Unit test coverage continues to decline, and tests fail for no reason at all other than someone sneezed near the build machine.  You keep shoehorning new features into the existing application without building characterization tests around the functionality you’re modifying, figuring that it’s “too hard” to find seams in the existing codebase into which you can insert mocks or stubs.

The few “unit tests” you do have take several hours to run, and can really only be run on the build server.  Therefore, people check in code arbitrarily to the main branch just to see if the tests pass or not.  Of course, when they don’t pass, they take several days to get fixed because the tests fail in ways that takes significant time and effort to debug and fix.  And that’s only if the thing that broke is actually covered by a unit test.  Otherwise, you don’t find out for weeks.

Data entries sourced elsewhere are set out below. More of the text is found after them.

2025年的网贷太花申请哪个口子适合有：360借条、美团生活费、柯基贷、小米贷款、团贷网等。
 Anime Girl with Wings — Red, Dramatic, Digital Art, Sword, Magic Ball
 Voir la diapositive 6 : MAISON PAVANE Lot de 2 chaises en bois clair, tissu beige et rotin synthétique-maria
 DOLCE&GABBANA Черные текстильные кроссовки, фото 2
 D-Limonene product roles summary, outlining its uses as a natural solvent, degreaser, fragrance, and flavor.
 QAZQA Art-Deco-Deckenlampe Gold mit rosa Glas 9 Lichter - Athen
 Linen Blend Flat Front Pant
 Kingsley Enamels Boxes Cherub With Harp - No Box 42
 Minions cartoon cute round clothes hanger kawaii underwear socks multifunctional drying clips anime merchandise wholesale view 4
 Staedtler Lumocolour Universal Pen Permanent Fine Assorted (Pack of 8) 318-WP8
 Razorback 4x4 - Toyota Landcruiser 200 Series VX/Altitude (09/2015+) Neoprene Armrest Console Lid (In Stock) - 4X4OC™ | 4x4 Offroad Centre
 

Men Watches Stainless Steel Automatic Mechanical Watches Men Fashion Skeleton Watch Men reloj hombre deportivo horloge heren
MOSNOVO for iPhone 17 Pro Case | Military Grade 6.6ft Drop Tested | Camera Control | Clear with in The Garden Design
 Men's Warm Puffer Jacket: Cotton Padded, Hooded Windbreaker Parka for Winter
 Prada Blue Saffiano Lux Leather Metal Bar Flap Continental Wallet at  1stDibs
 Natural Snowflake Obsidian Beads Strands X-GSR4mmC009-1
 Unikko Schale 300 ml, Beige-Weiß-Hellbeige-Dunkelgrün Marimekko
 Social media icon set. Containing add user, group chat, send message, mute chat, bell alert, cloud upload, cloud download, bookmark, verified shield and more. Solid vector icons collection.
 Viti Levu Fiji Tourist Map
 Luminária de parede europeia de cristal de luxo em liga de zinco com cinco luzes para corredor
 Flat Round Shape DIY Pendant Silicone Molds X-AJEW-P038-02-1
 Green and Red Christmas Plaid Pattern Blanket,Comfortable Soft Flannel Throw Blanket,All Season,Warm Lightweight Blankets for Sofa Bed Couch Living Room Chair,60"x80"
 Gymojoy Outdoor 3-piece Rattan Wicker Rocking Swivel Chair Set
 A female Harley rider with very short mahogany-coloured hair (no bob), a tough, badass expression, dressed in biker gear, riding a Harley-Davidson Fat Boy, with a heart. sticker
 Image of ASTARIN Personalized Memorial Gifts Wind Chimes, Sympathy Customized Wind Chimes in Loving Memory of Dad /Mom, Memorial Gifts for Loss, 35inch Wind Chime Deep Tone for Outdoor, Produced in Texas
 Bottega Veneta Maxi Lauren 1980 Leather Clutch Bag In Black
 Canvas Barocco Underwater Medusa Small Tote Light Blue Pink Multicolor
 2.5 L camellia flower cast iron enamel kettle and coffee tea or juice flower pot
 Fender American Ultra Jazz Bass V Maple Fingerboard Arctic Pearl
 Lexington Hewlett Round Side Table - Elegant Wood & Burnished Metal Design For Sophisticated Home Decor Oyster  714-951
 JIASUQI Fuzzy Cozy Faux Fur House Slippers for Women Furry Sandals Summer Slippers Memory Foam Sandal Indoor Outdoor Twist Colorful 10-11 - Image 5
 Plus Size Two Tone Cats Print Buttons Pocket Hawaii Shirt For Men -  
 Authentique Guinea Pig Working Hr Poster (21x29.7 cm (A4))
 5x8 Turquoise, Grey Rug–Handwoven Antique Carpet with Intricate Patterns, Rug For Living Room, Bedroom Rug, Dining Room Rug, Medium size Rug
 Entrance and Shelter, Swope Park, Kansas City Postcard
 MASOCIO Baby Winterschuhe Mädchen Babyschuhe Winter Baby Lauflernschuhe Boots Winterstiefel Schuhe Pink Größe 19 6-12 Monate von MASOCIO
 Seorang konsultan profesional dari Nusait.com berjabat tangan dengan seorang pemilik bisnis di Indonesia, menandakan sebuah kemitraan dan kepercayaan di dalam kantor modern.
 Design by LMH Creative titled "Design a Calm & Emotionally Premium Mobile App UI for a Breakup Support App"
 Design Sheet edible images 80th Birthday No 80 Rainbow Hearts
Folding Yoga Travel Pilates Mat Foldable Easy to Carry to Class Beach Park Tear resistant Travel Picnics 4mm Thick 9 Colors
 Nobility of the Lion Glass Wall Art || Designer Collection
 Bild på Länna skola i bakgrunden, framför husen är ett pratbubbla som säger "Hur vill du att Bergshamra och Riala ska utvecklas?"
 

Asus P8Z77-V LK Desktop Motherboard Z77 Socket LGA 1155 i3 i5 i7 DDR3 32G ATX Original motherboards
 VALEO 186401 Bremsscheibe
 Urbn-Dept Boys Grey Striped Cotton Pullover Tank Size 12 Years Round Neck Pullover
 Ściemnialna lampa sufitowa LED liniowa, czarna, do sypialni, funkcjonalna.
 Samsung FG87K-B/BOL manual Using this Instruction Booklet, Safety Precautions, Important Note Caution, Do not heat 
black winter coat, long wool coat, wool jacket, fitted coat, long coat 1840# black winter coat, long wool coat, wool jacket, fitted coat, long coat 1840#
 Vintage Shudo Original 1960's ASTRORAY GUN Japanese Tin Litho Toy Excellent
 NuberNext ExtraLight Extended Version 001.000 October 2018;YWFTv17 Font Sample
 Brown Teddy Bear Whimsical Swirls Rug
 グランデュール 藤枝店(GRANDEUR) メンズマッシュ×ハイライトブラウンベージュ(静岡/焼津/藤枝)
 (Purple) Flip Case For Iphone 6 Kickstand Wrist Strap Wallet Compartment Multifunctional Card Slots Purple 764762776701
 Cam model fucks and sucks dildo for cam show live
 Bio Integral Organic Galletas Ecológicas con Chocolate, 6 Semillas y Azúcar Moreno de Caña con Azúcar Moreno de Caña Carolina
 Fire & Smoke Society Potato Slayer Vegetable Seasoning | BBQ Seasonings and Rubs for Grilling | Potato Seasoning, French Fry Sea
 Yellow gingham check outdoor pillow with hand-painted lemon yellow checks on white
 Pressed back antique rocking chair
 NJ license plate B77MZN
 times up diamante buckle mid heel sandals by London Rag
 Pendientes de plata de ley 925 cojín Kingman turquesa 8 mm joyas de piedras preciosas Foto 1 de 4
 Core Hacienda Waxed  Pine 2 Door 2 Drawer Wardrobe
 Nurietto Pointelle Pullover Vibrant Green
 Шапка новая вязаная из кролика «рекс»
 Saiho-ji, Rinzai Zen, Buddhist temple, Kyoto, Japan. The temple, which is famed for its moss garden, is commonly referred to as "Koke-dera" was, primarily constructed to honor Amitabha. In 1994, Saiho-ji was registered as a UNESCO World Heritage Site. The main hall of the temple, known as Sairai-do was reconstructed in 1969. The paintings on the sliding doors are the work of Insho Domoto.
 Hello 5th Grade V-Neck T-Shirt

So a year’s gone by, and now you have an extra 20,000 lines of production code, and 7 more unit tests which are testing the data source for a combo box on a form (since nothing else is “pragmatically testable”) and your regression testing cycle (which is completely manual of course) takes 6 weeks and counting, as more and more regression defects are being introduced with each successive build/release.

I don’t know about you, but “pragmatic” seems to me to be the easiest way to pay lip service to “doing the right thing” without actually doing it and, more insidiously, accusing those who want to really do whatever that is of being dogmatic and unreasonable about whatever topic is currently being discussed.

Don’t let pragmatism kill your codebase!

Categories: Agile, Software Quality

Brownfield projects and Sprint Duration (or, is the 50-yard dash to short?)

March 24, 2011 Leave a comment

I’m working on a brownfield .Net project where the original codebase was started about 10 years ago, and has, like most systems, evolved organically over time.  Additionally, the code in question is from an acquisition, so many of the developers (myself included) have had very little exposure to the application.

We originally settled on 2-week sprints, but, given the complexity of the application, lack of unit tests, and general lack of knowledge on the team, we struggled to get any real user story completed from a development perspective within a sprint, much less tested, signed off, and “done”.  Things I’ve noticed that lead me to question 2-week sprints (which have been helped somewhat by the extra week, but not completely) include:

  1. Implementation of any non-trivial user story requires a tech spike in one iteration to determine how it will be accomplished, followed by one or more additional iterations to complete the story itself.
  2. Simple things seem to take way too long (even if they fit in a sprint, our estimates are way shorter than actuals).
  3. It’s next to imposible to really understand the number of places within the application that are affected by what seems like a simple change.  Again, given the nature and history of the application, the lack of unit tests/documentation/SOLID design principles, every code change can require several days of “archeology” to even have a hope that we’re not breaking something else in the system.
  4. Even simple user interface changes can have fairly far-reaching consequences, as there are so many places where classes have been hacked to be used in places for which they weren’t originally designed.

So, we’re trying to adjust by doing several things:

  1. The move from 2-3 week sprints so we can do investigation and development (and hopefully testing) in one sprint.
  2. Slowly adding seams for unit tests, and, when time permits, creating characterization tests (ala Working Effectively with Legacy Code).
  3. Trying to break down user stories into smaller pieces to help make achieving “done” doable within a sprint.

These things are starting to pay off, but if anyone has more suggestions on ways to make this process more productive I’d love to hear them.  I’ll post updates as time goes on if there’s any new techniques we figure out along the way.